Repeat exactly the lines below, from the line containing "Betsey Johnson necklace and earrings" through the last line, both included. Leave out any pictures.

::: Materials provided :::

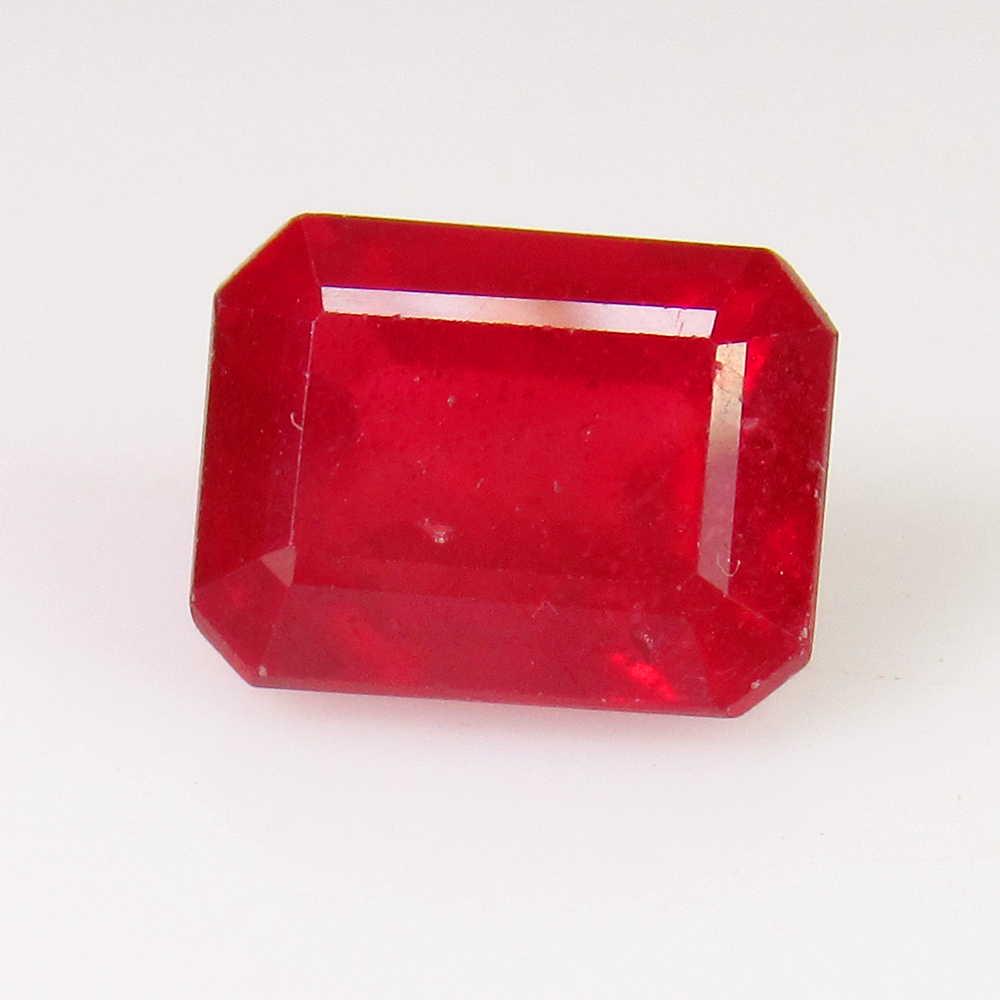 3.66 Ct Genuine Blood Red Ruby Octagon Cut (1 of 2)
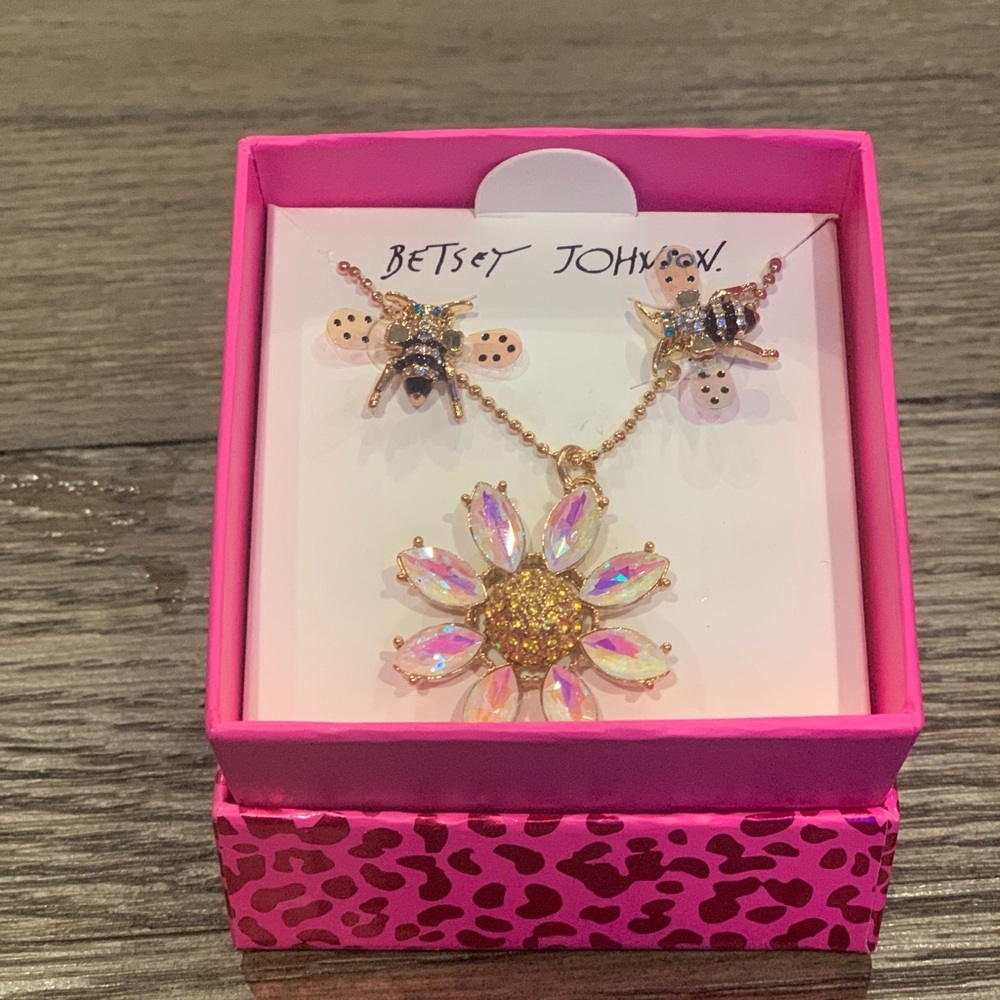 Betsey Johnson necklace and earrings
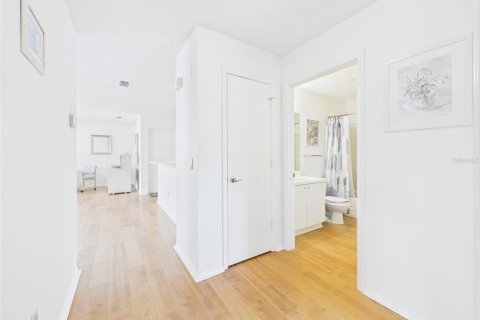 Casa en alquiler en Lady Lake, Florida, 2 dormitorios, 106.19 m2 № 1802170 - foto 18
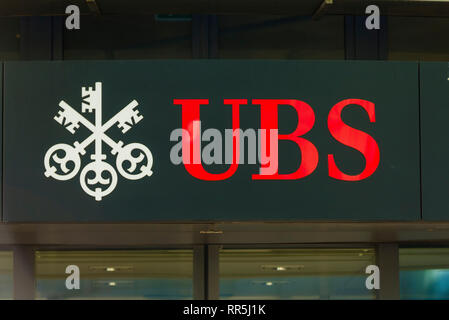 Die UBS (Union Bank Schweiz) board Schild über dem Eingang in einer Agentur in der Innenstadt von Genf, Schweiz Stockfoto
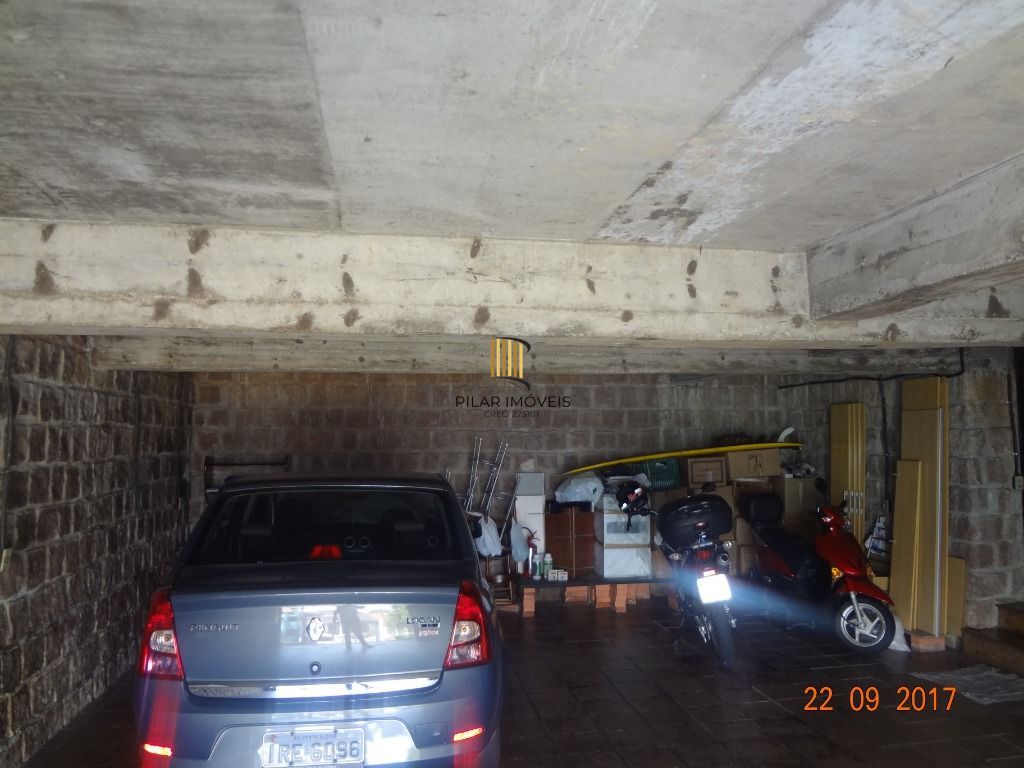 Casa para Venda - 365m², 4 dormitórios, sendo 2 suites, 6 vagas - Nonoai
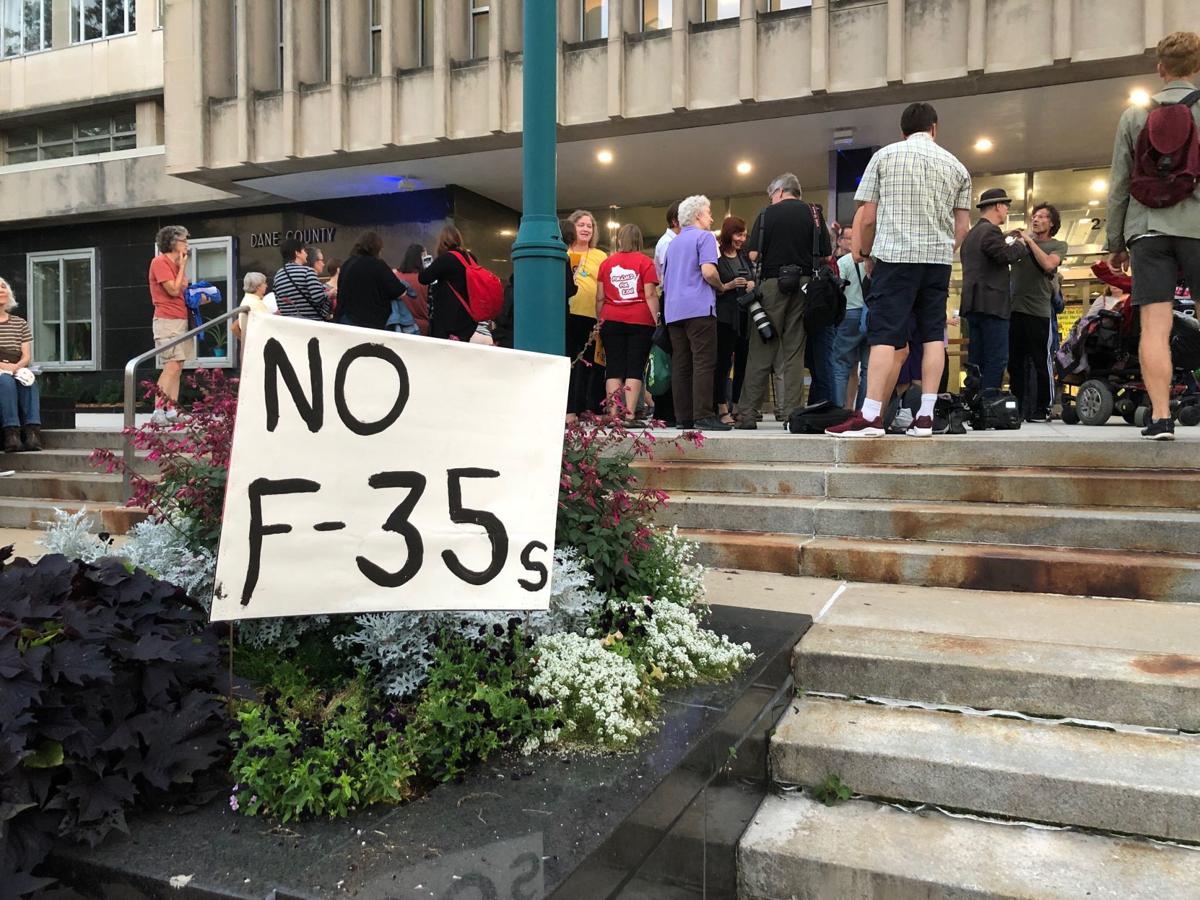 City Council meeting on F-35 proposal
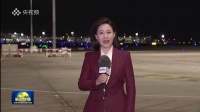 央视主播郑丽首次出国随访报道，网友：演播室和外景地不像一个人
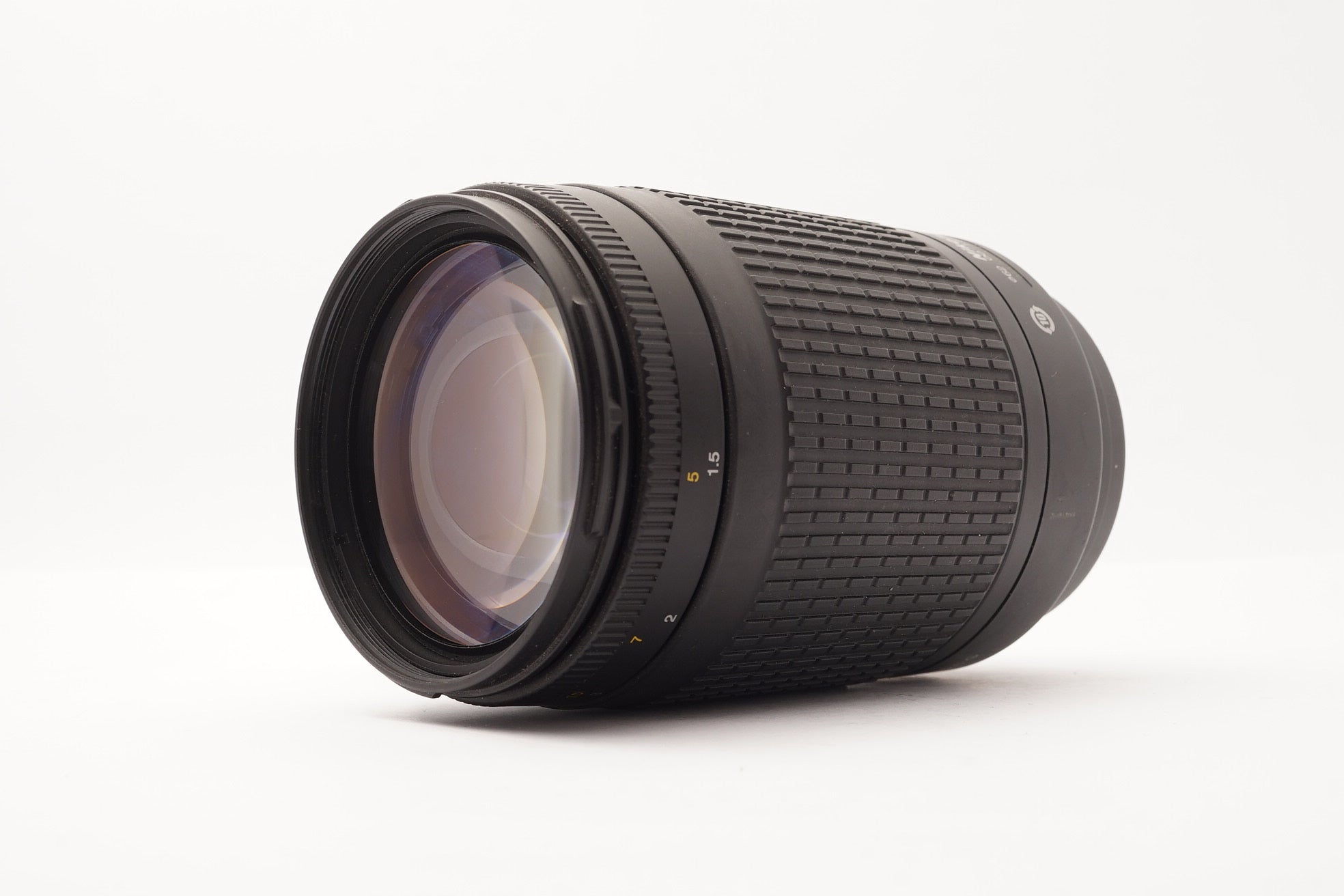 Nikon AF Nikkor 70-300mm f/4-5.6G Lens – main product view
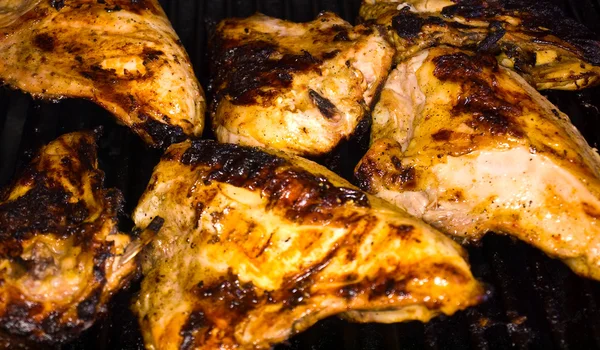 Vers gegrilde kip borsten op de barbecue — Stockfoto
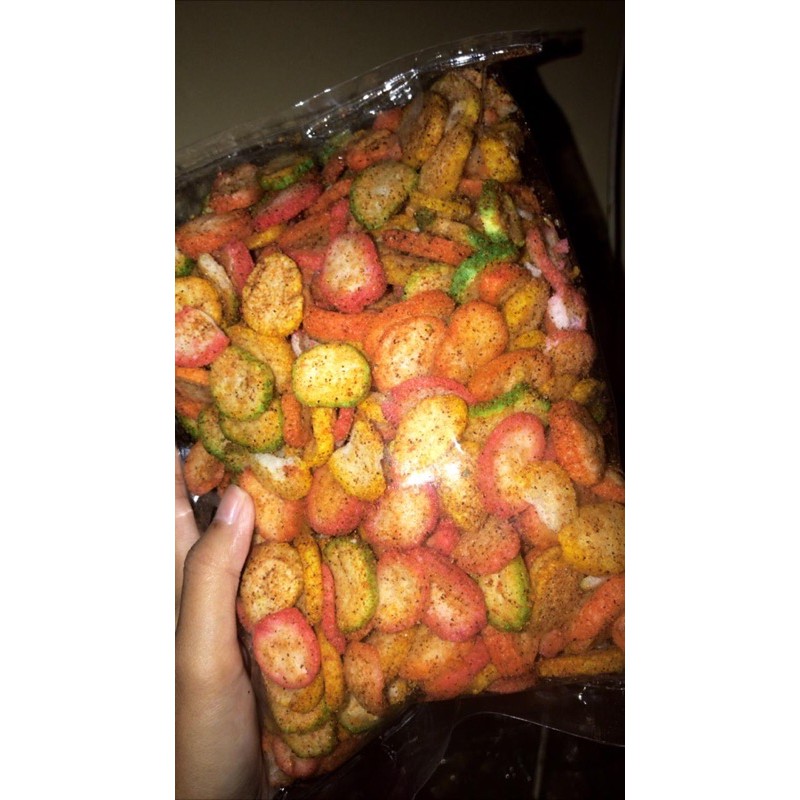 

kerupuk seblak warna-warni pedas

:::

## Result below
 Betsey Johnson necklace and earrings
 Casa en alquiler en Lady Lake, Florida, 2 dormitorios, 106.19 m2 № 1802170 - foto 18
 Die UBS (Union Bank Schweiz) board Schild über dem Eingang in einer Agentur in der Innenstadt von Genf, Schweiz Stockfoto
 Casa para Venda - 365m², 4 dormitórios, sendo 2 suites, 6 vagas - Nonoai
 City Council meeting on F-35 proposal
 央视主播郑丽首次出国随访报道，网友：演播室和外景地不像一个人
 Nikon AF Nikkor 70-300mm f/4-5.6G Lens – main product view
 Vers gegrilde kip borsten op de barbecue — Stockfoto

kerupuk seblak warna-warni pedas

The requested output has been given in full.